File photo of Gioconda Belli

HAVANA TIMES – “I have nowhere to live,” exiled Nicaraguan poet Gioconda Belli writes in a recent poem. “I chose the word. (…) I left carrying my words under my arm. / They are my crime, my sin.”

Belli, poet, novelist, former Sandinista activist, and winner of countless awards over the years, including  the 2023 Reina Sofia Poetry prize, is one of over 300 Nicaraguans stripped of their nationality by the regime of Daniel Ortega and Rosario Murillo, in an act of vengeance as absurd as it was malicious. In response, she publicly cut up her Nicaraguan passport on camera, declaring: “I’m not going to stop being who I am, because of this document.”

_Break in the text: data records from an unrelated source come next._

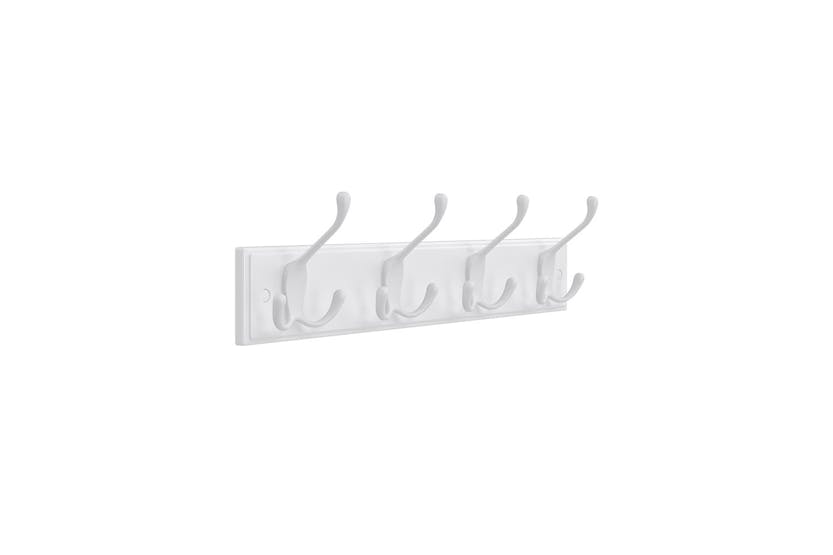 Songmics 4 Triple Coat Hooks | White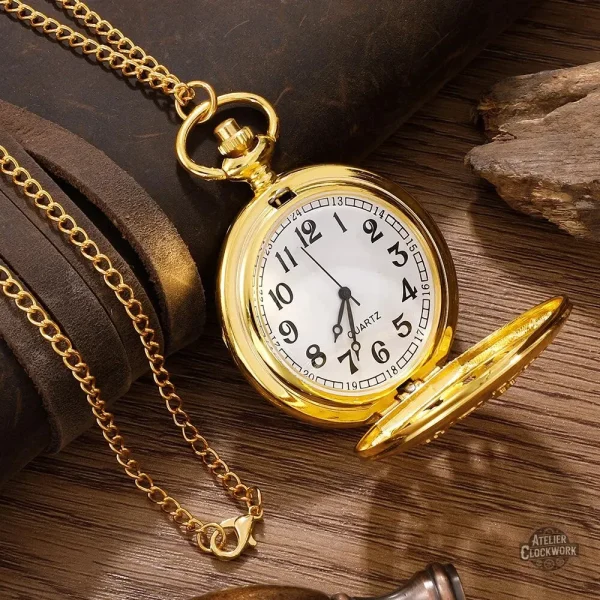 Montre de poche vintage avec mécanisme quartz
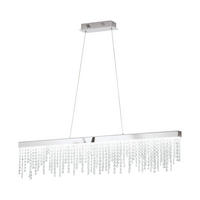 LED-HÄNGELEUCHTE ANTELAO 115/9/150 cm   - Klar/Chromfarben, KONVENTIONELL, Glas/Metall (115/9/150cm) - Eglo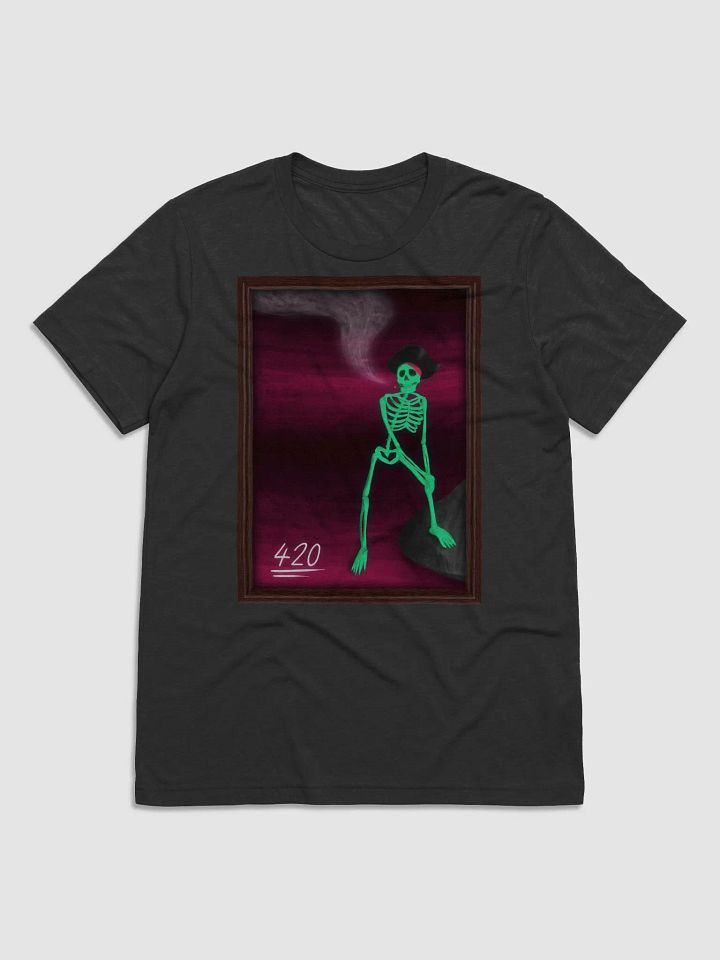 AWESOME SKELETON PAINTING T-SHIRT [BLACK] product image (1)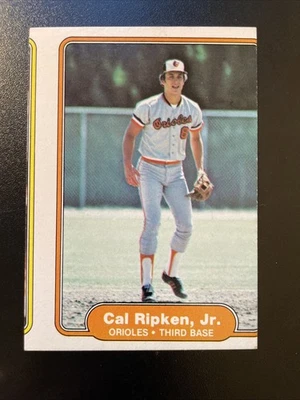 1982 Fleer #176 CAL RIPKEN JR. RC Rookie Card MISCUT ERROR - Image 1 of 2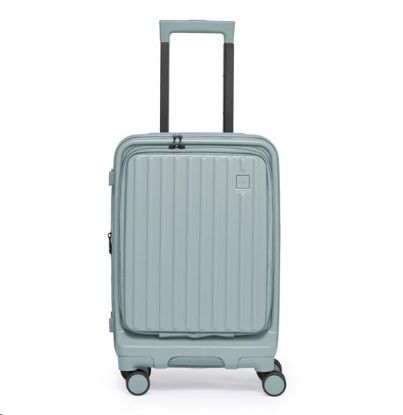 Obrázek Acer Barcelona luggage 20", světle modrý, pevný cestovní kufr, materiál: 100% recyklovaný PET, TSA kombinační zámek, pře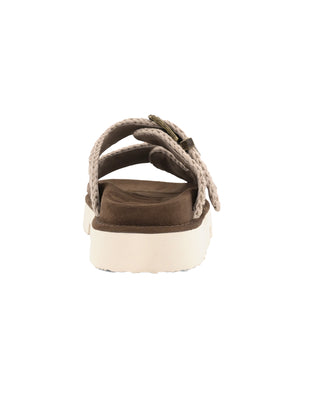 BIO SANDAL CON DOPPIA FIBBIA - DEEP BROWN 461005A DPBRO MOU 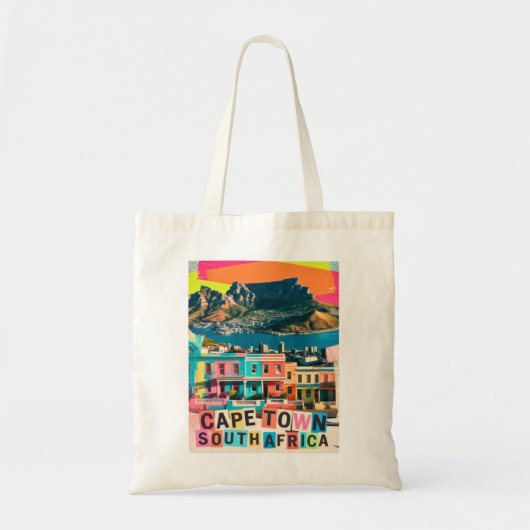 Kaapstad Zuid-Afrika Reis Bo-Kaap Landschap Tote Bag (Voorkant)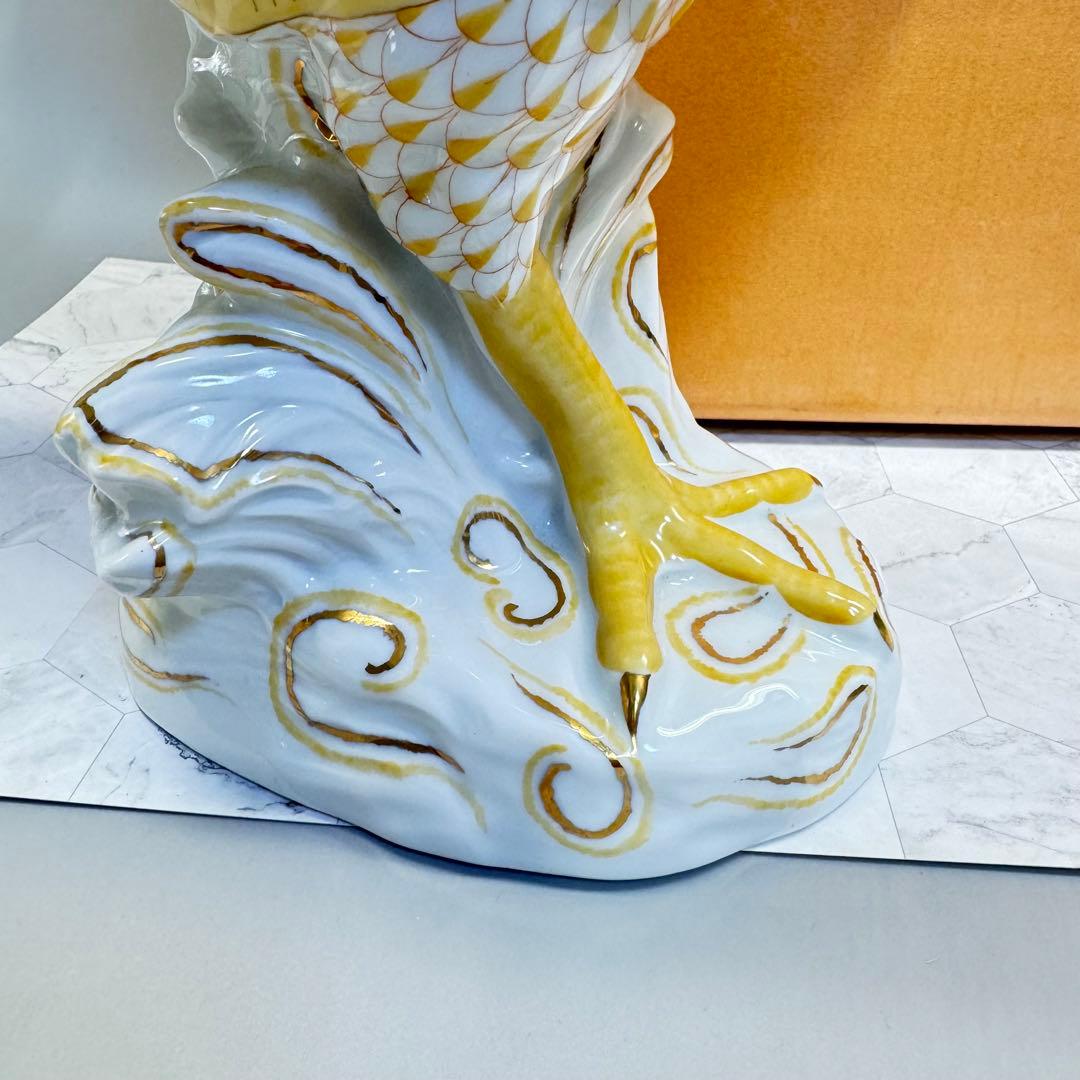 DA1301 ヘレンド　herend 鶏　ニワトリ　鳥　置物　陶器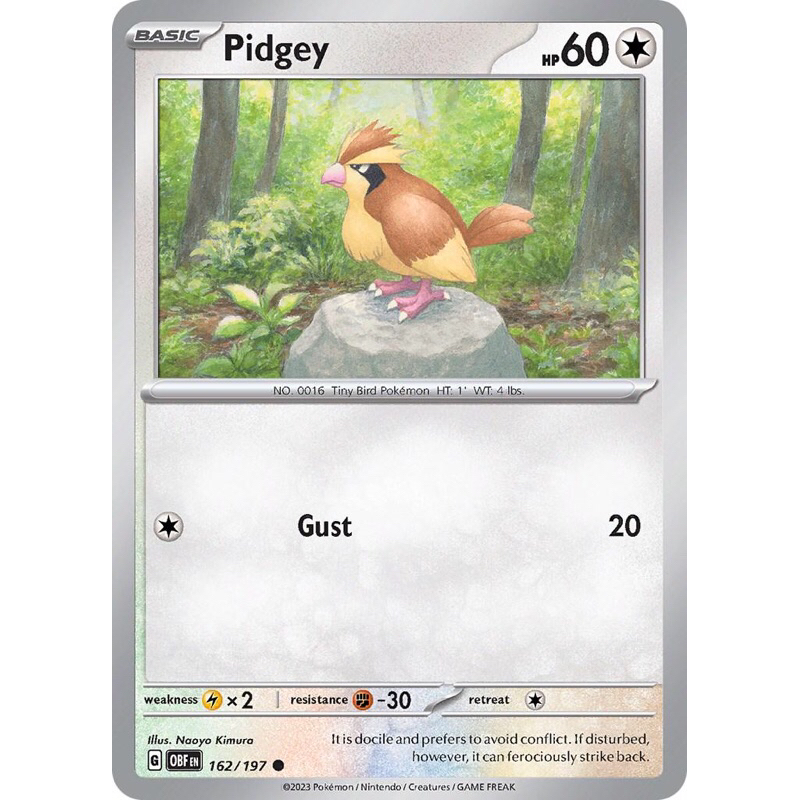 การ์ดโปเกมอน Pidgey & Pidgeotto ทั่วไป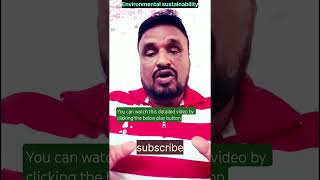 Environmental sustainability #environmentalsustainability  #environmentalawareness #esg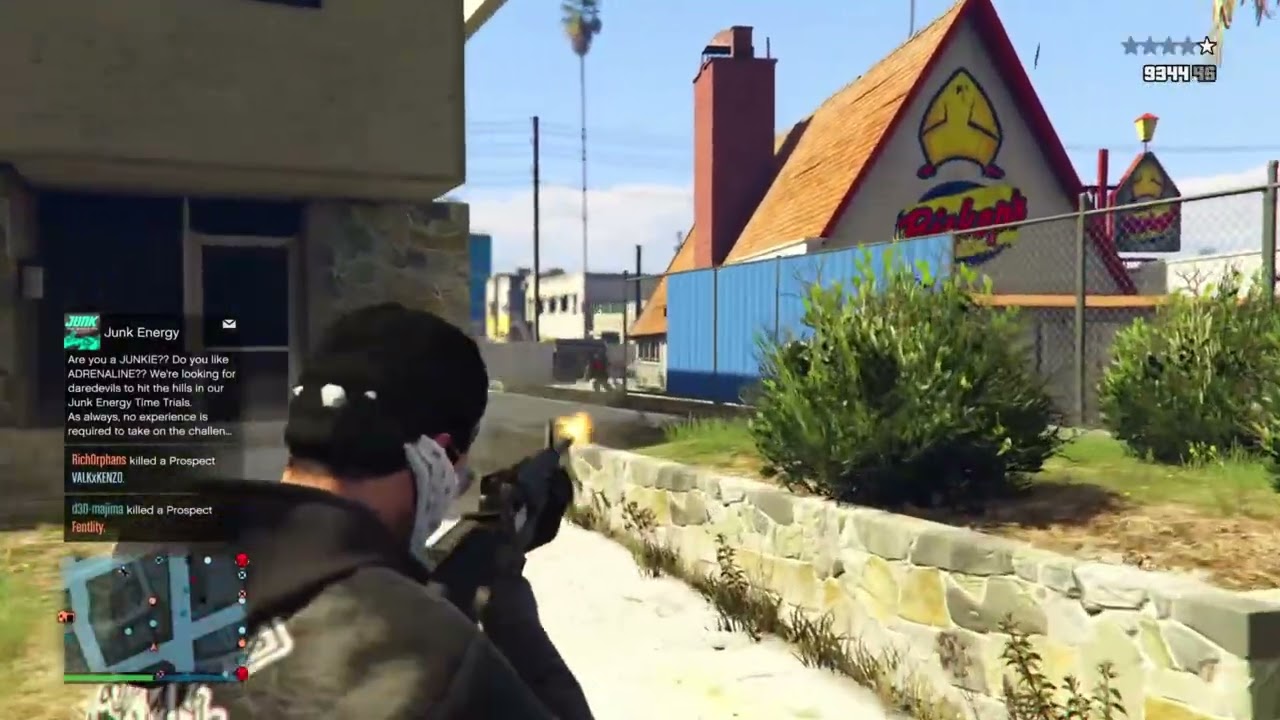 GTA 5 Online Free Aim Montage #106 |Burning Down The House| IJMC Full Patch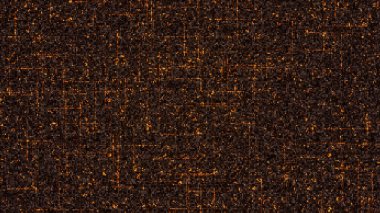 Yapay zeka ve veri madenciliği kavramı. Animasyon. Devre kartı tasarımı ile modern bilgisayar teknolojilerinin derin öğrenimi, kusursuz döngü.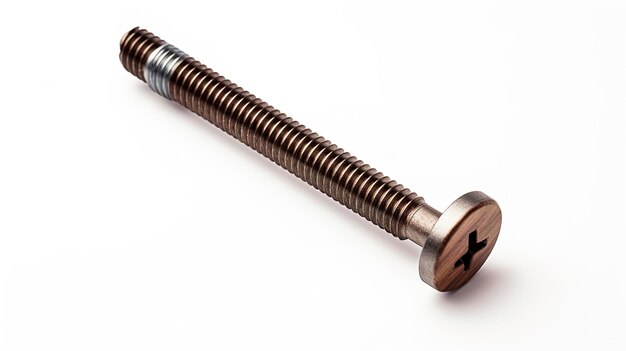 A photo of a wood screw full length photo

In May, Gioconda told American Journal, “I am going to return dead or alive, I am going to end up in that country (Nicaragua) and that country is going to nestle my memories and my bones, always. That’s how it will be.”

Latino USA recently featured a moving and wide-ranging conversation between Gioconda and Maria Hinojosa. They touch on Belli’s past and present, her perceptions of Daniel Ortega, her literature, how the Sandinista Revolution shaped her life, her vision of the future, and on the dilemmas of being a woman. Belli, who currently resides in Madrid, Spain, sums up her hopes: “I have to believe that what I have dreamt and what I have done is going to give fruit eventually.  I cannot rush history. History moves in its own way.”